Selon l'Ensemble de règles minima des Nations Unies pour le traitement des détenus (également connu sous le nom de Règles Nelson Mandela), l'isolement cellulaire ne doit être utilisé « qu'à titre exceptionnel et en dernier recours ». Et selon l'ONU, l'isolement cellulaire prolongé, c'est-à-dire pendant plus de 15 jours consécutifs, constitue une forme de torture.
Le juge Keith, chargé de l'affaire Adams contre l'article 52(b) de la Loi sur le contrôle des drogues et des substances (LCDS), a estimé que la forme d'isolement cellulaire subie par Adams était inconstitutionnelle et a donné six mois au gouvernement fédéral pour réformer les dispositions de la loi pénitentiaire qui discriminent les femmes.

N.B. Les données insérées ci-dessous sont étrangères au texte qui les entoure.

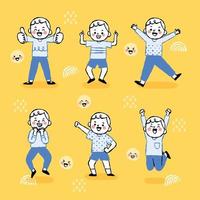 hand drawn boy very happy in various actions, excited, smile vector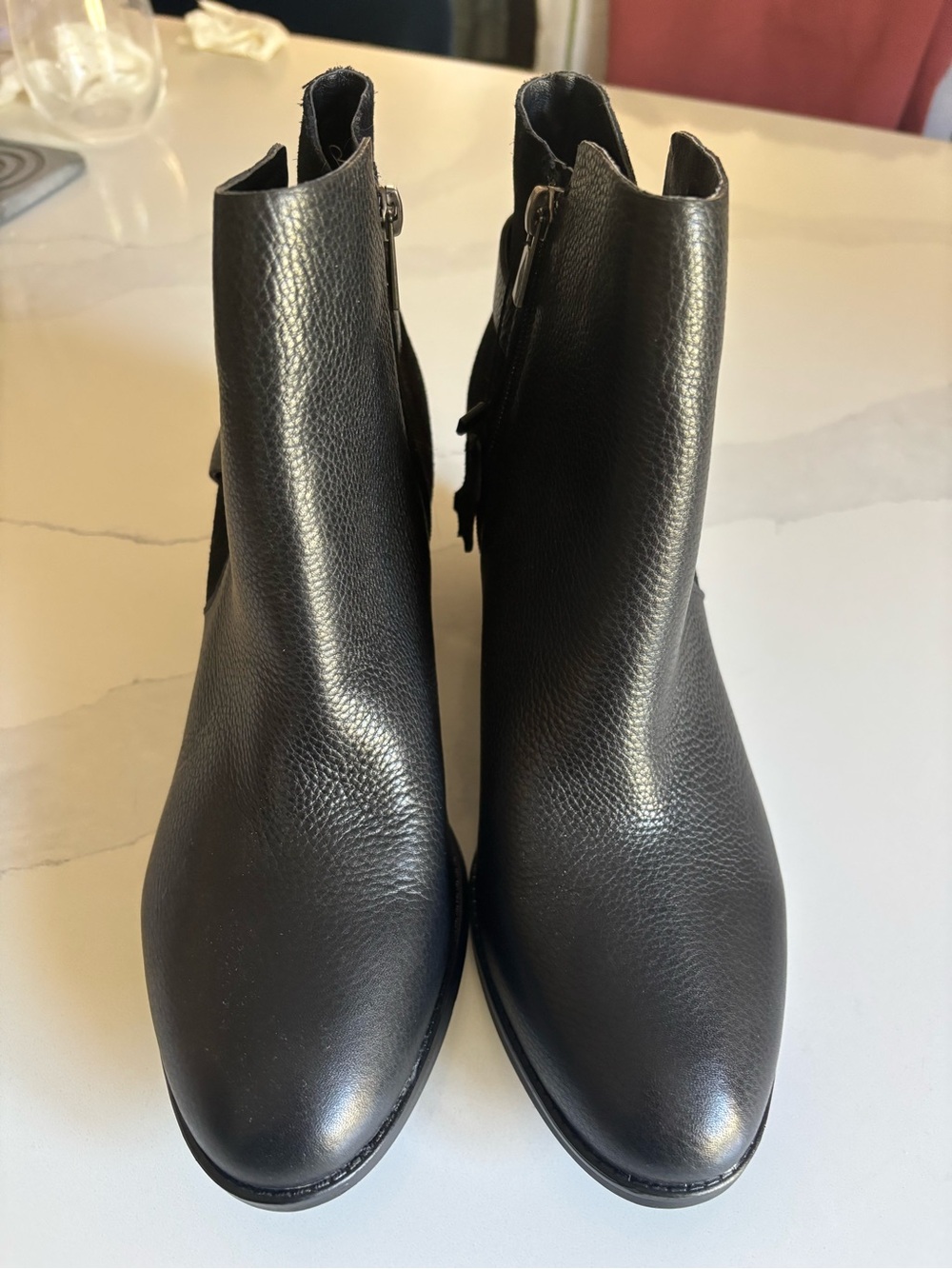 American Rag Black Leather Ankle Booties with Side Zip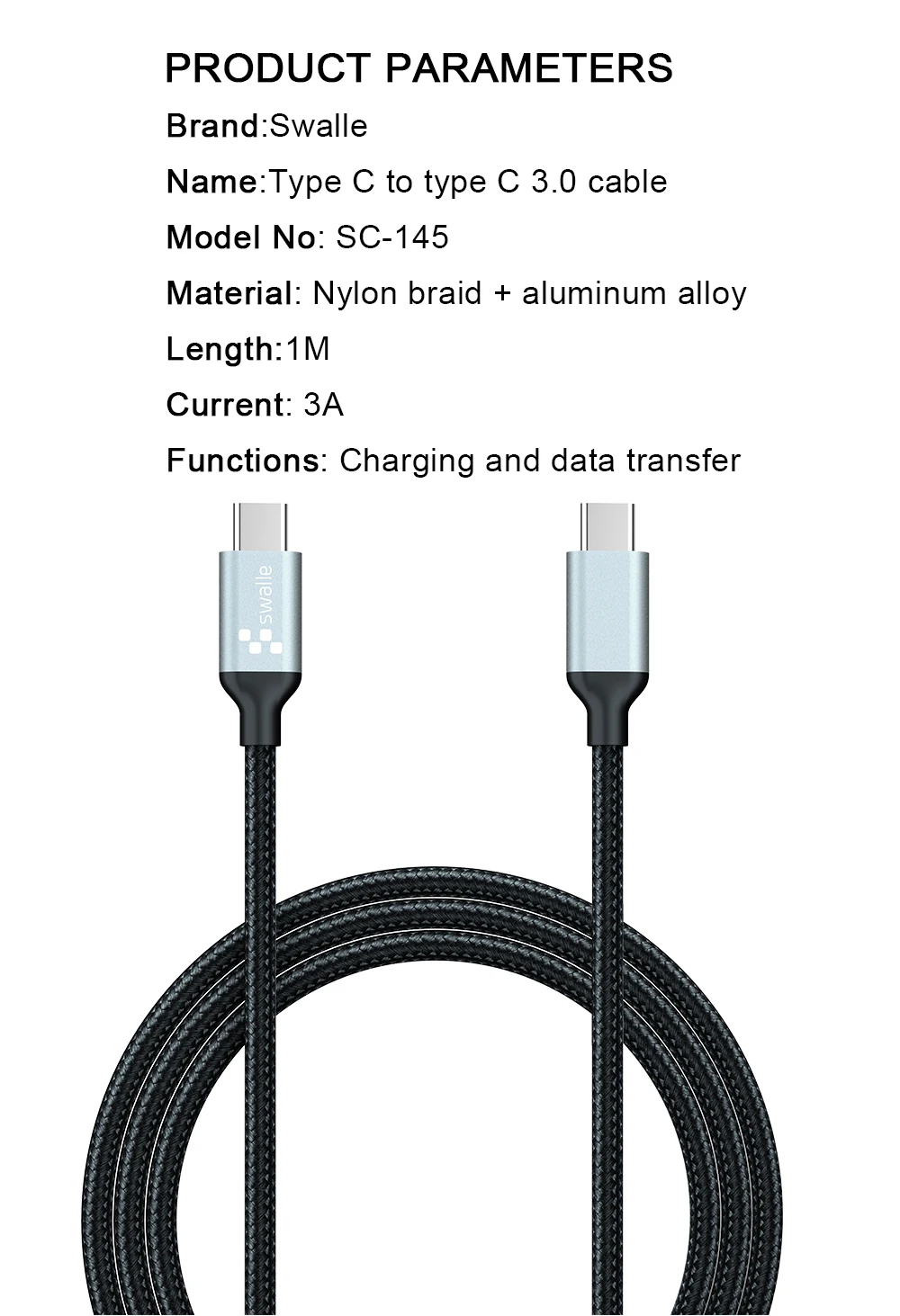 Swalle USB кабель типа C к type C 3,0 usb Дата-кабель для быстрой передачи данных зарядный шнур для телефона для Xiaomi Honor 8X9 USB C линия передачи данных Кабо usb 3,0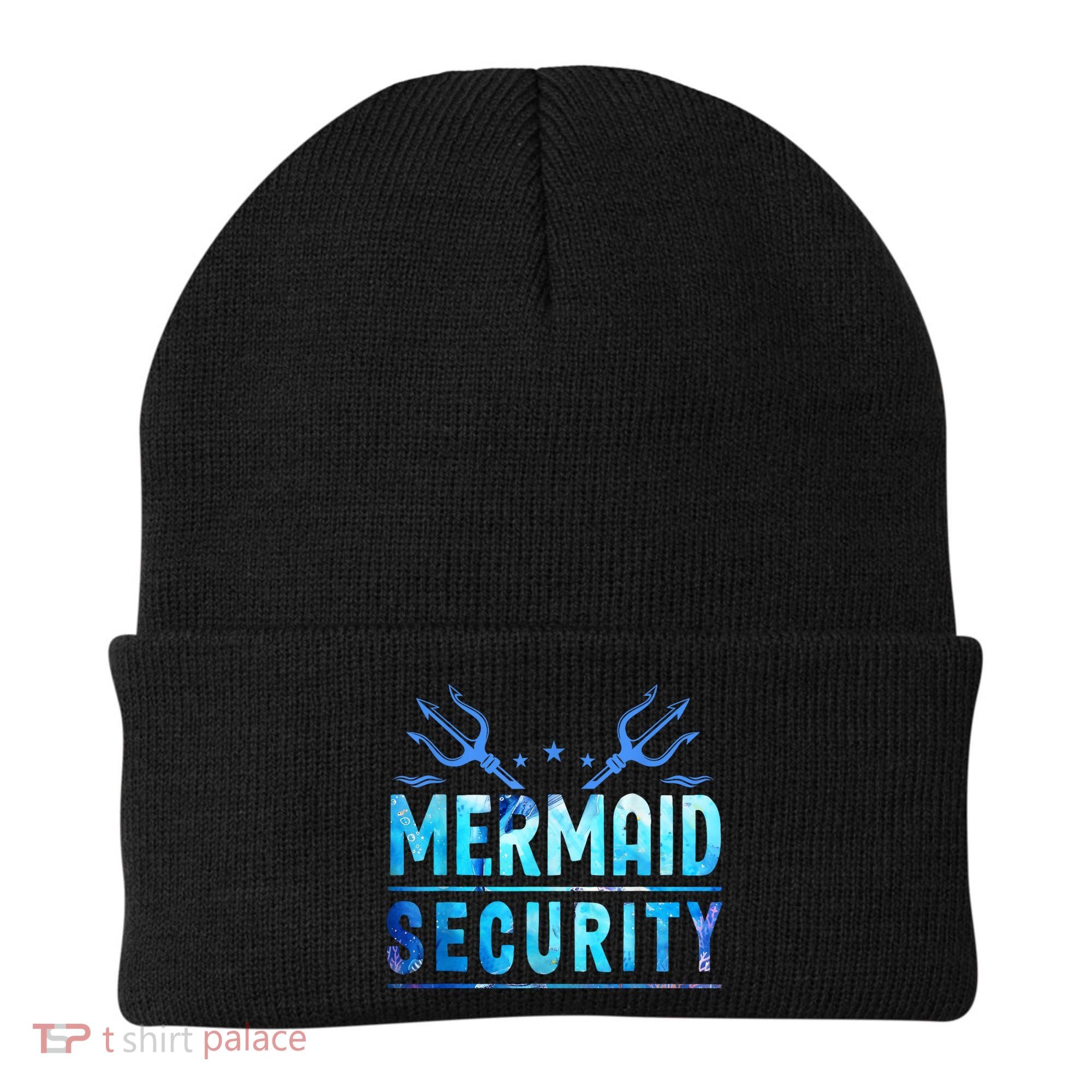 Mermaid Security Funny Dad Mermaid Family Mermaid Squad Beanie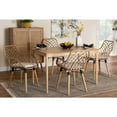 thumbnail image 2 of Baxton Studio Ballerina Greywashed Rattan and Brown Wood 5-Piece Dining Set, 2 of 11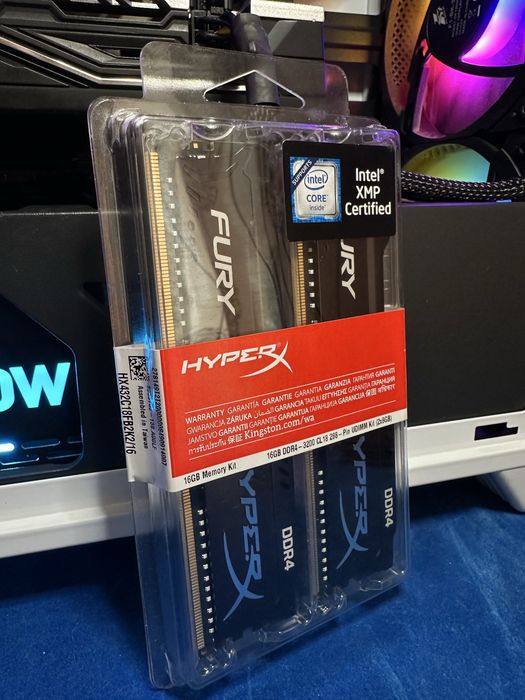 Оперативна памʼять ddr4 16gb  (Kit 2x8gb) 3200mhz HyperX Fury Black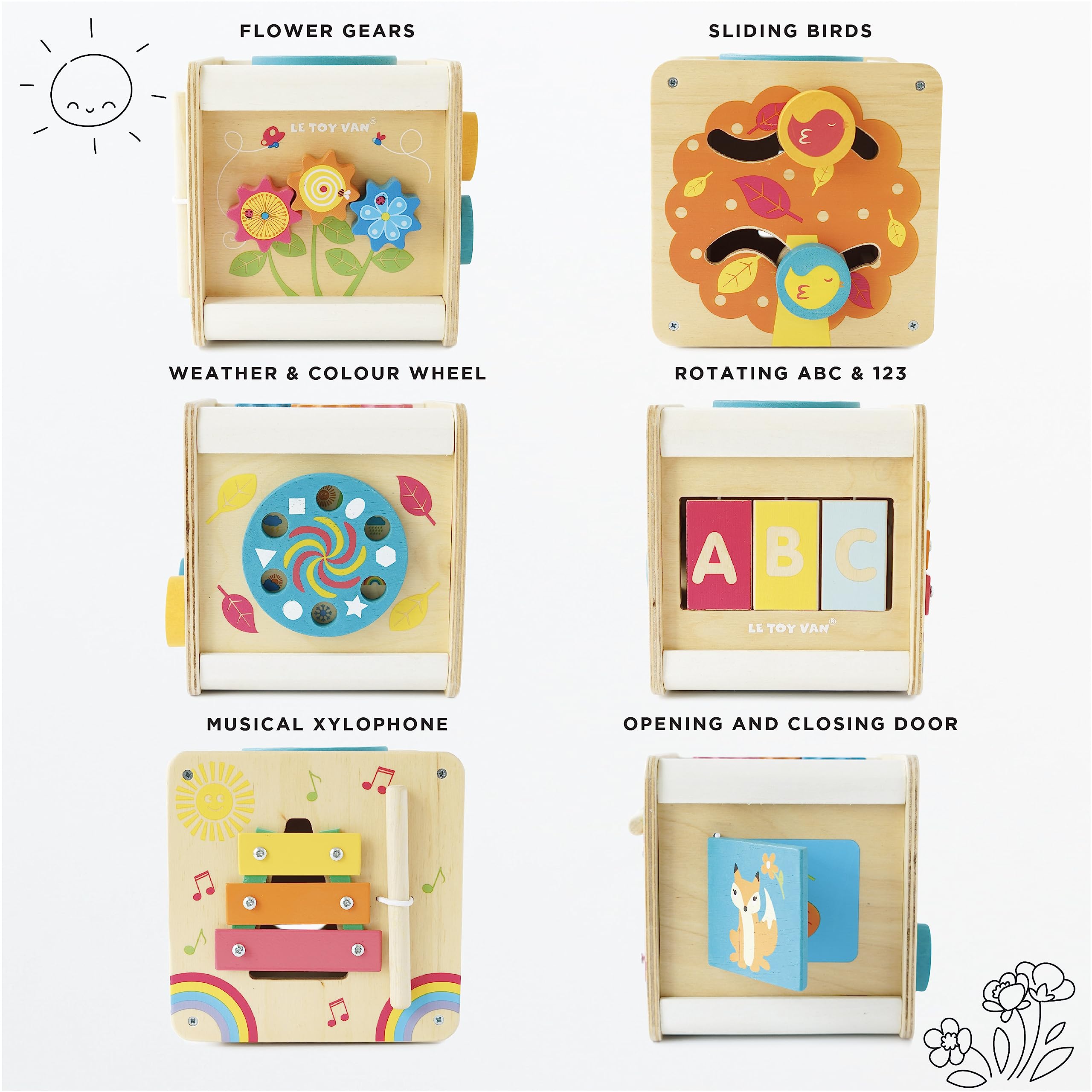 Le Toy Van Petit Activity Cube - Wooden Baby Toy for Early Learning & Development - Perfect for Playtime, Nursery, and Montessori Education
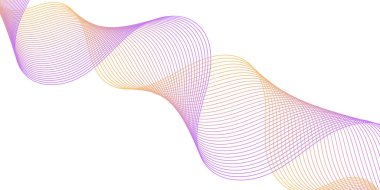 Pankart dalgalarıyla soyut arkaplan. Orta boy pankart. Çizgileri olan vektör arkaplanı. Tasarım elementi beyazda izole edildi. Pembe, mor, turuncu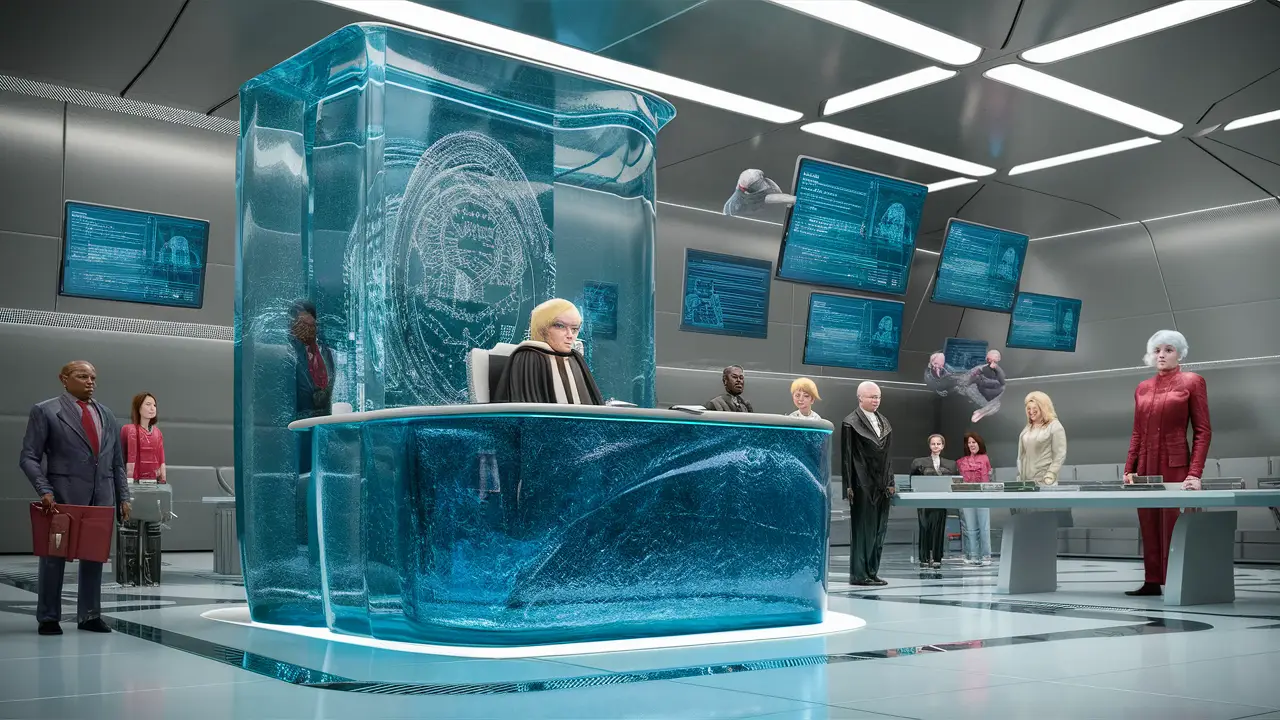 Cenário de tribunal futurista com bancada holográfica e avatares de IA exibindo documentos digitais.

Le gouvernement a modifié la LSCMLC afin d'interdire l'utilisation de cellules sèches pour les personnes soupçonnées de dissimuler des objets interdits dans leur cavité vaginale, mais a continué à les utiliser dans d'autres circonstances pour une durée maximale de 72 heures, bien que le directeur de l'établissement puisse prolonger cette durée de 24 à 48 heures supplémentaires dans certaines conditions. Les défenseurs souhaitaient voir cette pratique hautement invasive supprimée, étant donné qu'il existe d'autres moyens d'atteindre l'objectif déclaré d'intercepter de la contrebande.
Adams n'a reçu aucune compensation après avoir subi d'immenses dommages psychologiques alors que ses droits garantis par la Charte étaient violés, et ce n'est qu'avec la plus grande réticence et le moins d'efforts possible que les pratiques qui ont causé ses souffrances ont été légèrement réformées. Ses avocats affirment à juste titre que le système pénitentiaire doit être tenu responsable et que le seul moyen pour le système judiciaire actuel d'y parvenir est par des moyens financiers, d'où le procès.
Mais tout système de gouvernement ou de « justice » qui doit être contraint de respecter les droits et les besoins inhérents à tous, en particulier aux plus vulnérables, ne mérite pas d'exister. Seule la réorganisation de la société sur une base socialiste peut offrir à chaque personne les moyens et les possibilités de mener une vie digne et riche, loin du désespoir et de la brutalité du régime actuel d'exploitation capitaliste.